Brief:
Restate all entries word for word, minus pictures.

=== Begin Enclosure ===

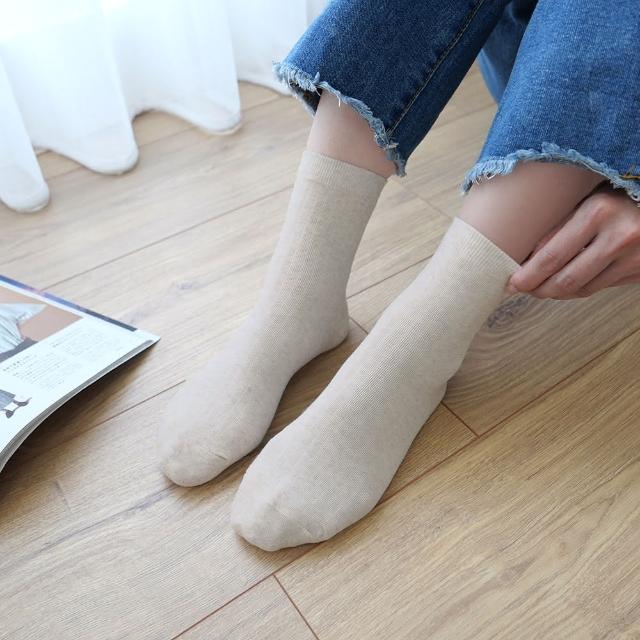 【哈囉喬伊】韓國襪子 基本款素色中筒襪 女襪 S6(正韓直送 韓妞必備 棉襪 長襪 韓國少女襪)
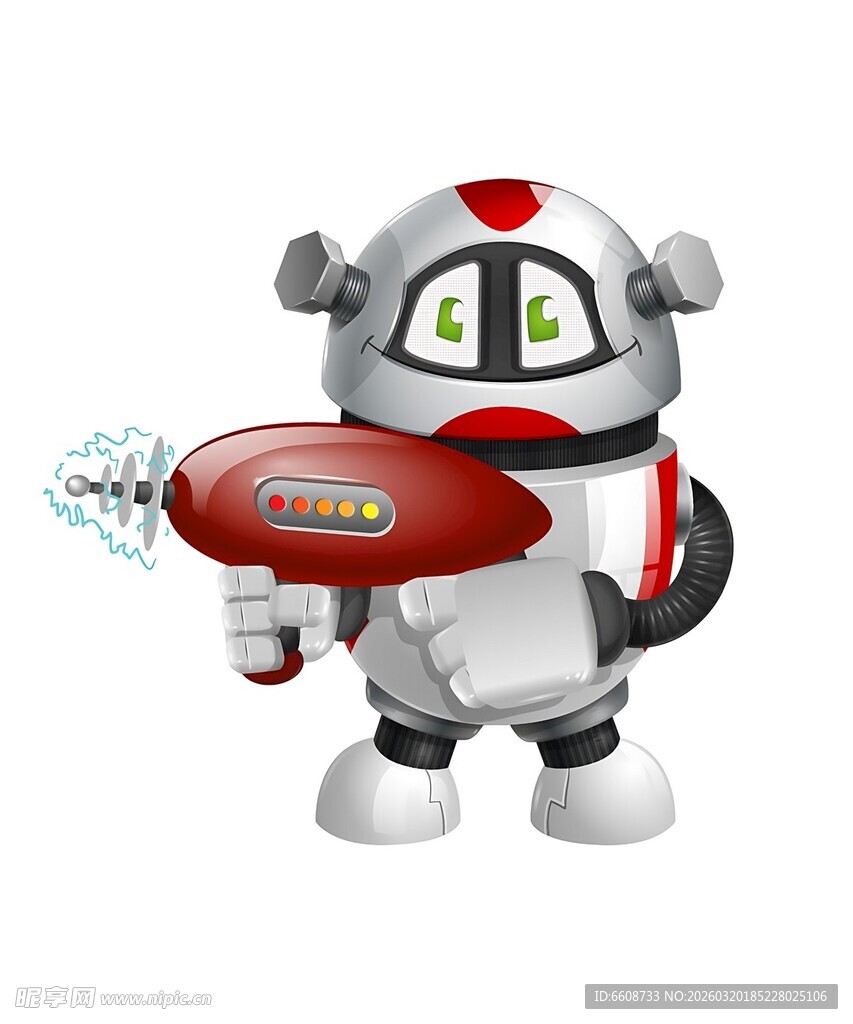 可爱机器人手持红色物件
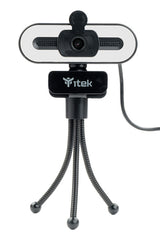 Webcam con Microfono W401L - Full HD- 30FPS- Luce LED 3 mode- USB- treppiede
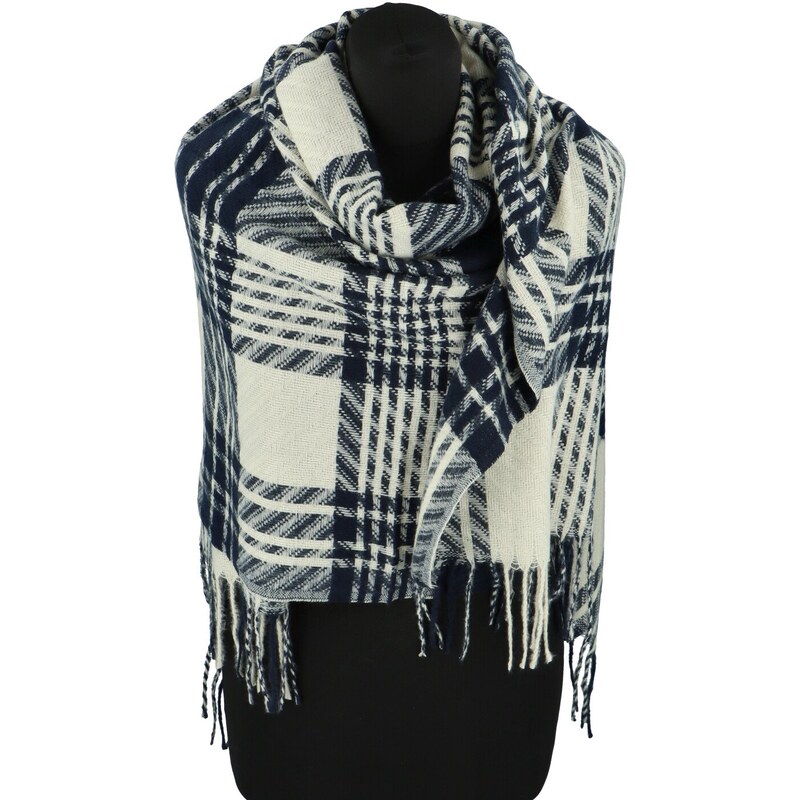 CASHMERE Módní dámská šála Methi, bílo-modrá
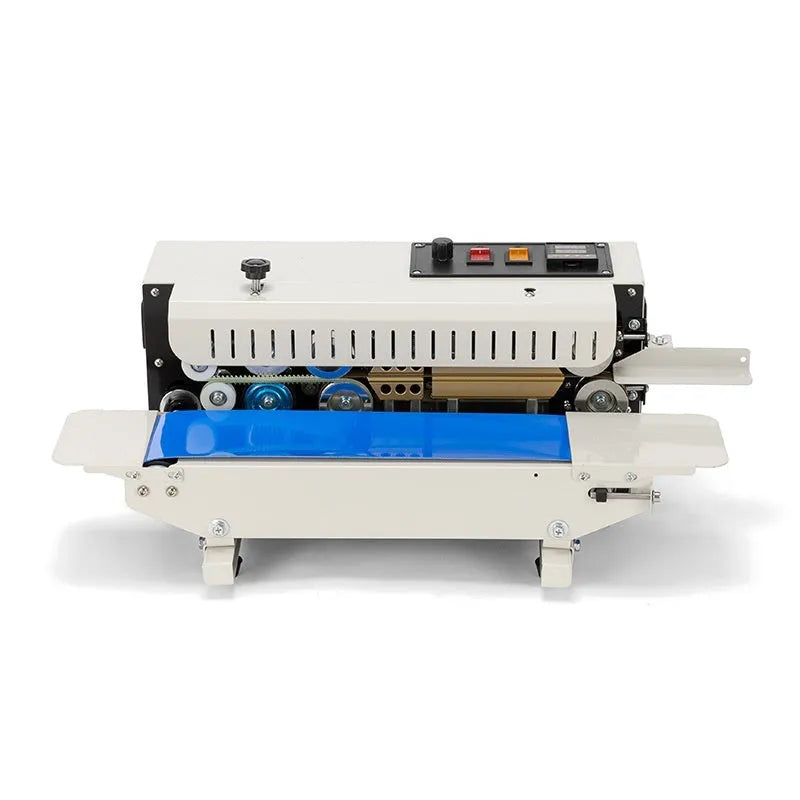Mini steel seal sealing machine with date printing capability for foil pouches and plastic bags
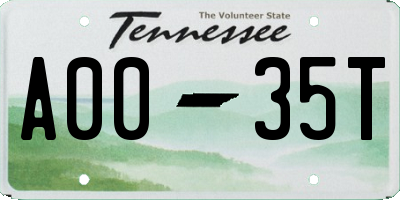 TN license plate A0035T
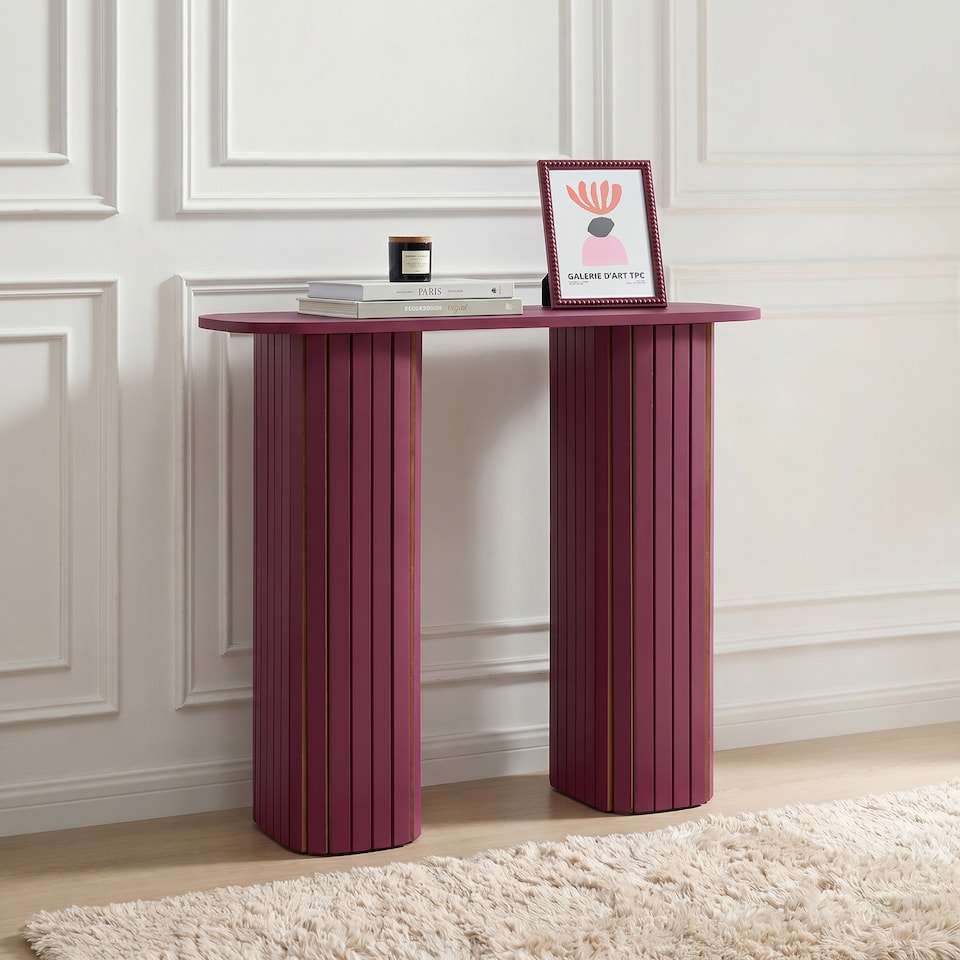 image 1 of OHS Madison Console Table Ribbed Engineered Wood Entryway Display Desk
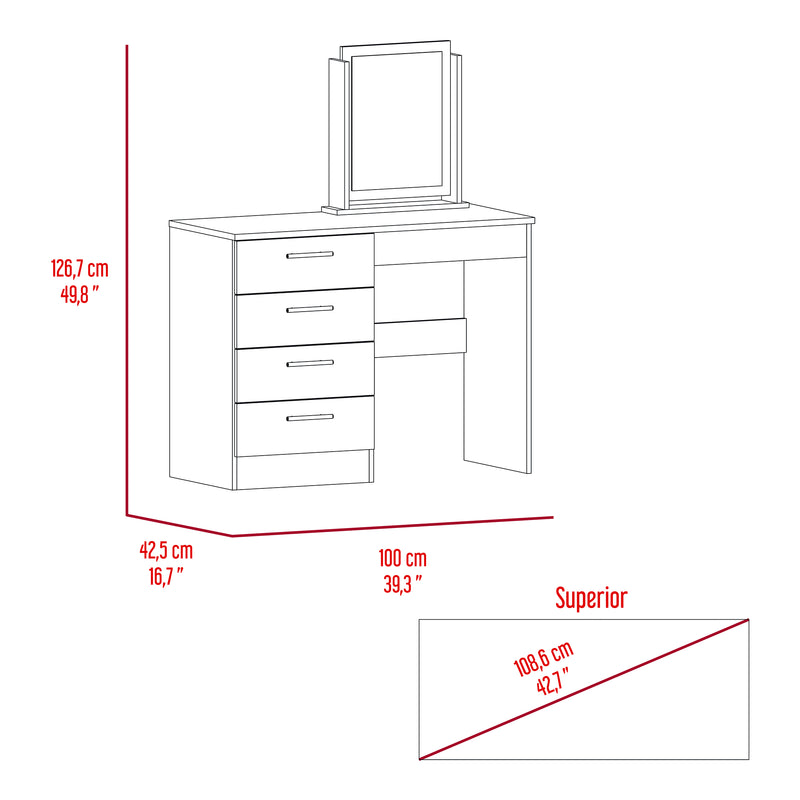 Tocador Ladysin Ceniza Y Blanco 100x126.7cm Con Tres Cajones Y Sin Silla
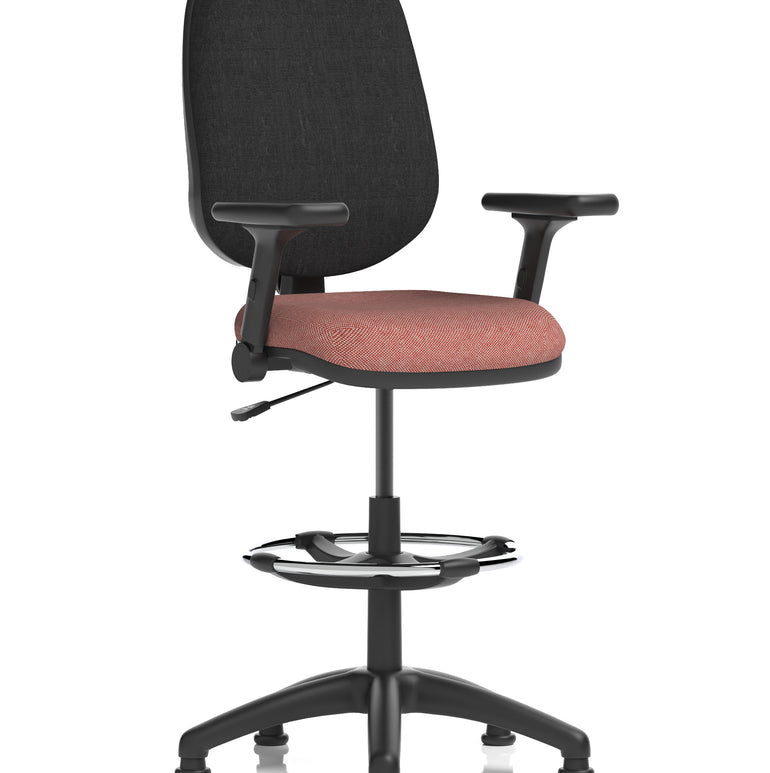 Eclipse Plus I Medium Back Task Operator Office Chair with Hi Rise Draughtsman Kit In Quest And Rivet Fabric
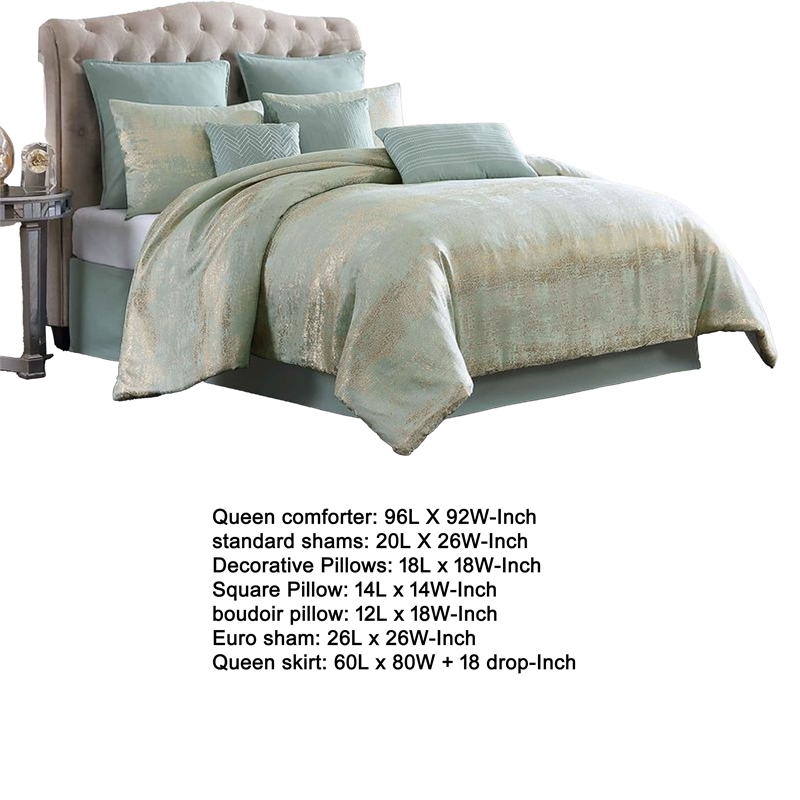 Benjara Teesa 9pc Queen Comforter Set- Shams- Blue and Gold Woven Jacquard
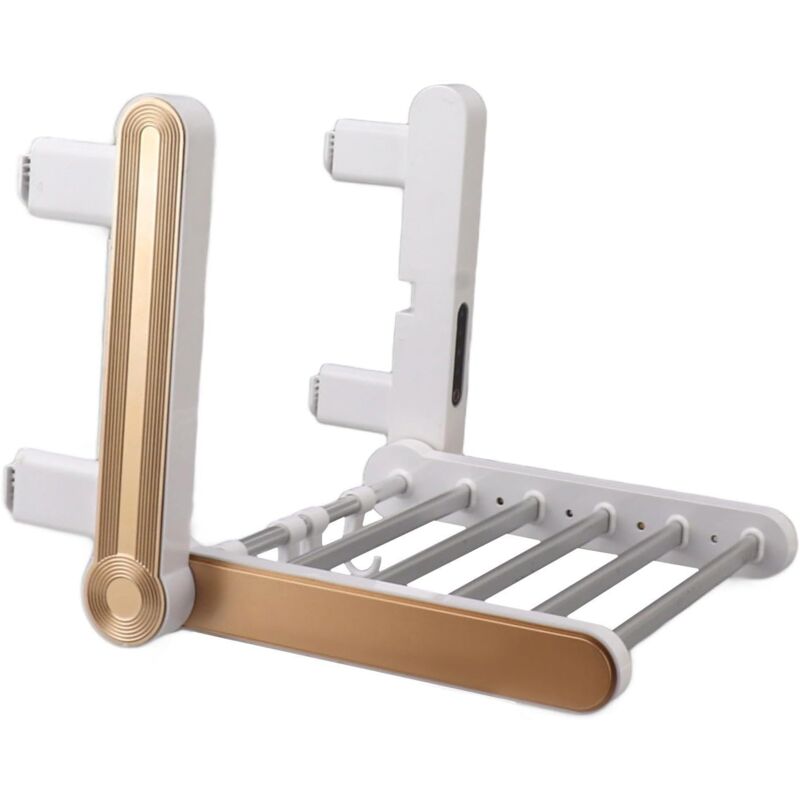 Porte-Serviettes Chauffant électrique, 6 Barres de Sèche-Serviettes Chauffantes à économie d'énergie en Aluminium Pliable pour Balcon (Prise ue)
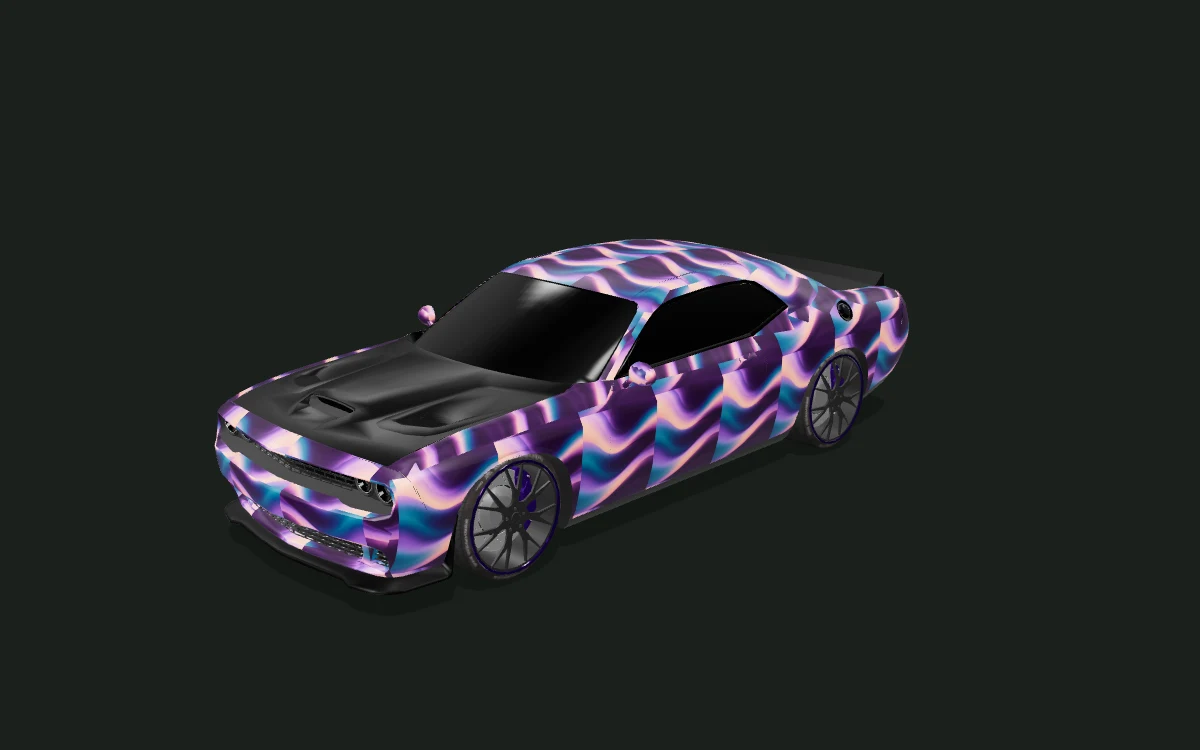 Plum Current for Dodge Challenger — 3D model render — front three-quarter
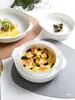 Bol de Hueso Doble Asa Bol para Cocinar al Vapor Bol para Fideos Horno de Microondas Horno de Cocción Bol para Freidora de Aire Bol de Sopa Doble Asa Hogareño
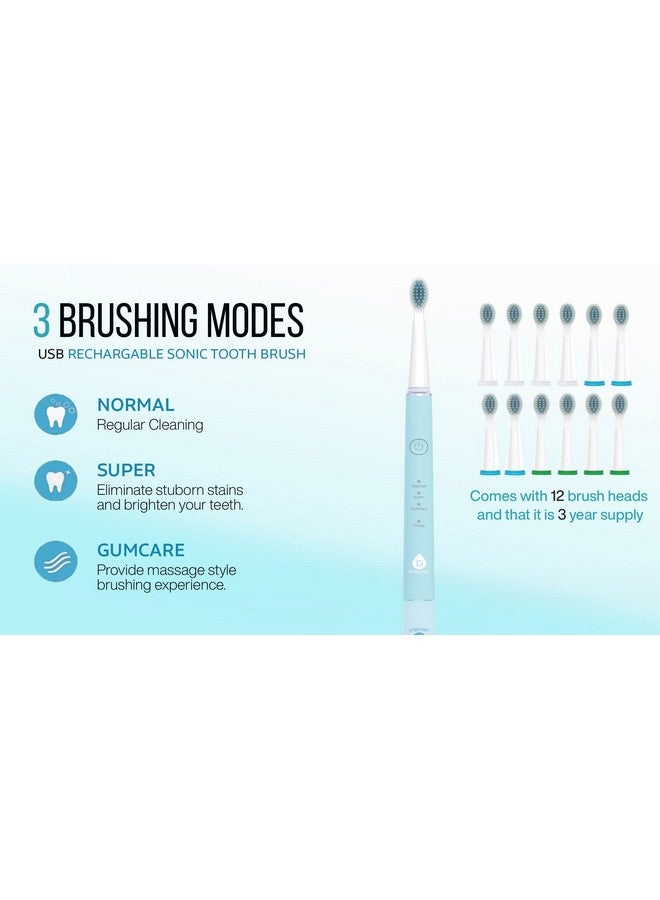Pursonic Whitening USB Rechargeable Sonic Toothbrush-12 Brush Heads!- 38,000 Brush Strokes Per Minute-3 Brushing Modes with 2 Minute Auto Timer (Green) - Image 4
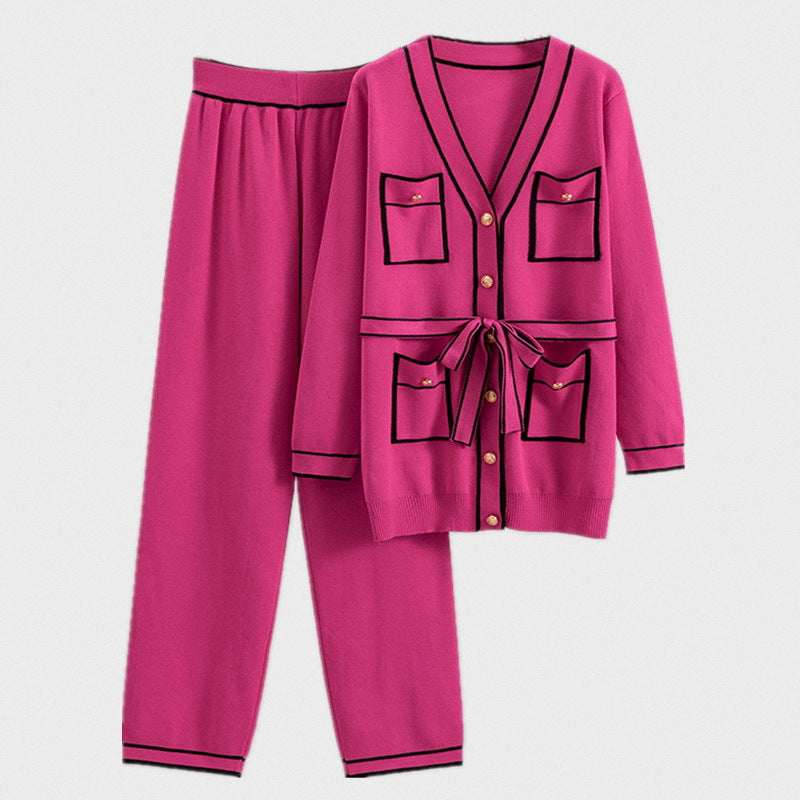 Damen gemütliches Strickanzug-Set Drune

=== End Enclosure ===

Solved problem:
 【哈囉喬伊】韓國襪子 基本款素色中筒襪 女襪 S6(正韓直送 韓妞必備 棉襪 長襪 韓國少女襪)
 可爱机器人手持红色物件
 Webcam con Microfono W401L - Full HD- 30FPS- Luce LED 3 mode- USB- treppiede
 CASHMERE Módní dámská šála Methi, bílo-modrá
Mini steel seal sealing machine with date printing capability for foil pouches and plastic bags
 TN license plate A0035T
 image 1 of OHS Madison Console Table Ribbed Engineered Wood Entryway Display Desk
 Tocador Ladysin Ceniza Y Blanco 100x126.7cm Con Tres Cajones Y Sin Silla
 Eclipse Plus I Medium Back Task Operator Office Chair with Hi Rise Draughtsman Kit In Quest And Rivet Fabric
 Benjara Teesa 9pc Queen Comforter Set- Shams- Blue and Gold Woven Jacquard
 Porte-Serviettes Chauffant électrique, 6 Barres de Sèche-Serviettes Chauffantes à économie d'énergie en Aluminium Pliable pour Balcon (Prise ue)
 Plum Current for Dodge Challenger — 3D model render — front three-quarter
 Bol de Hueso Doble Asa Bol para Cocinar al Vapor Bol para Fideos Horno de Microondas Horno de Cocción Bol para Freidora de Aire Bol de Sopa Doble Asa Hogareño
Pursonic Whitening USB Rechargeable Sonic Toothbrush-12 Brush Heads!- 38,000 Brush Strokes Per Minute-3 Brushing Modes with 2 Minute Auto Timer (Green) - Image 4
 Damen gemütliches Strickanzug-Set Drune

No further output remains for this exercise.